Tenemos que desaprender lo anterior y ser capaces de entender en todo momento que, aunque nos hagan barbaridades, no se dirigen realmente hacia nosotros, evitar tomarlo como algo personal. Es producto de su trauma temprano y del daño que le hicieron los primeros padres o adultos responsables de su cuidado. Difícil también, pero para eso está la terapia, para que trabajemos que nos duele que nuestro hijo nos rechace y haga daño. Para que trabajemos nuestra propia infancia. Da igual haber leído mucho y estar formado, hay que hacer trabajo personal.
Cuando podemos situarnos a este nivel, comprendemos y nos sentimos fuertes y apoyados, entonces podemos entender esto que nos recomienda hacer Silberg (2019) (y con lo que termino el post de hoy):
“Así empieza un círculo vicioso en el que la ira y la negatividad del niño y de los padres se refuerzan mutuamente. Cuando el niño está en un estado de ánimo positivo y disfruta de una atención positiva de los padres, estos tienen poca conciencia de que estas interacciones positivas no están siendo codificadas, ni almacenadas, ni recordadas en toda la mente del niño [recordemos que el niño disociado está fragmentado], sino que solo son recordadas selectivamente por la parte “de apego” del niño. Mientras tanto, el estado de niño enfadado se va desconectando y enfadando cada vez más cuando percibe pocas posibilidades de acceder al amor y al afecto que se reparte cuando está tranquilo” (p. 288).
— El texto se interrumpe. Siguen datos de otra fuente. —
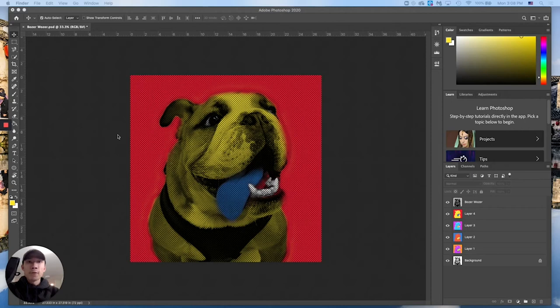Hey everyone, hope you're doing well. This video is going to be a tutorial to recap what to do once you have finished all four of your pop art panels.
“Desde el principio de la terapia intento que los padres comuniquen mensajes de apego a todo el yo del niño. Esas comunicaciones, que a veces preparo de antemano o que indico a los padres que digan en mi presencia al niño, pueden ser del tipo: Ya sabes que te quiero en tu totalidad. Quiero a tu parte divertida, quiero a tu parte boba, quiero a tu parte bebé, e incluso quiero a la parte que rompió mi reproductor de CD. También quiero a las voces de tu mente que a veces dicen cosas malas. Todo esto forma parte de ti y yo te quiero a ti. Incluso quiero a tu parte enfadada que ha destrozado cosas en casa. Ven aquí, quiero abrazarte entero. ¿Ha llegado mi abrazo a todas las partes de tu ser? Quiero estar seguro de que hasta el bebé que eras cuando ni siquiera te conocía, el de antes de la adopción, siente también el abrazo. […] Estas interacciones en las que el padre o la madre abraza y dirige su amor al niño en su totalidad resultan profundamente aliviadoras para el pequeño” (p. 288)
“Sin embargo, este ejercicio puede parecer contraproducente para algunos padres que temen estar aceptando las malas conductas. En ese caso, y para animarles que realicen el ejercicio, les pido que imaginen que la parte enfadad del yo es como un niño de dos años enfadado que no deja de gritar: “te odio, te odio” ¿Acaso le responderían a ese niño de dos años “yo también te odio? ¿O le levantarían en brazos e intentarían disipar la rabia con amor? También les explico que esas partes disociadas del yo están atascadas en el tiempo en esos primeros años y necesitan el tipo de amor que unos padres darían a un niño de dos años. […] De hecho, este ejercicio por sí solo puede tener efectos en la modulación de la intensidad de las reacciones de rabia de los niños” (p. 289)
Que sea un abrazo muy profundo y llegue a todas las partes de su ser.